- Amazon on Thursday reported third-quarter earnings that were more than $2 a share better than analysts had forecast.
- But the company’s revenue for the period was lower than expected, and it offered a disappointing revenue forecast for the fourth quarter.
- Investors sold off the stock on the news.
Amazon’s third-quarter profit blew away analysts’ heady expectations, but it still managed to disappoint Wall Street.
Analysts were predicting that on a per-share basis, Amazon’s profit would be six times larger in the period than it had been in the same quarter a year earlier.
In actuality, the company’s earnings per share in the third-quarter, which it reported Thursday, were more than 10 days larger than the prior year quarter.
Surging profits from its North American retail and Amazon Web Services cloud computing businesses helped boost its bottom line.

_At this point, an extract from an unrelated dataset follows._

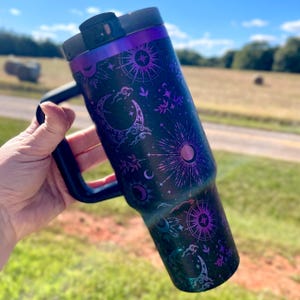 Può includere: Una tazza da viaggio in acciaio inossidabile nero con una finitura iridescente viola e nera. La tazza presenta un design celeste con lune, stelle e raggi di sole. La tazza ha un coperchio con manico.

But the company tempered that standout result with a revenue shortfall in the third quarter and a revenue outlook for the holiday period that was a bit lighter than analysts had forecast.
Investors focused on the negative. In after-hours trading, the company’s shares were off $US131.22, or 7.4%, to $US1,650.95. The selloff completely wiped out the stock’s strong gains earlier in the day in the regular session.
Here’s what the company reported:
Amazon got a boost from AWS, Prime, and advertising
Yet again, Amazon’s cloud business gave it a big boost. AWS’s revenue jumped 46% from the year-ago period to $US6.7 billion.
The division’s operating profit, meanwhile, grew 77% over the same time period to $US2.1 billion, accounting for more than a third of Amazon’s total net profit for the period.
But the company also saw a windfall from its retail operations, particularly those in North America. That division saw sales jump 35% to $US34.3 billion. Earnings from the segment surged to $2 billion from just $112 million in the third quarter last year.
Those results were inflated by the company’s acquisition of Whole Foods. That purchase happened in the middle of the third quarter last year, which meant that Amazon included only about a month’s worth of Whole Foods’ revenue in its third-quarter results last year, versus a whole quarter’s worth this time around.
Amazon also benefitted from strong sales of its Prime subscription program. Its overall subscription revenue, which comes not just from Prime, but also from Audible.com, Amazon Music, and other services, grew 52% from the third quarter last year to $US3.7 billion.
And the company continued to see success in advertising. Its “other” revenue, which largely comprises advertising sales, jumped 122% to $2.5 billion.
Amazon’s stock closed regular trading up $US117.97 a share, or 7.1%, to $US1,782.17.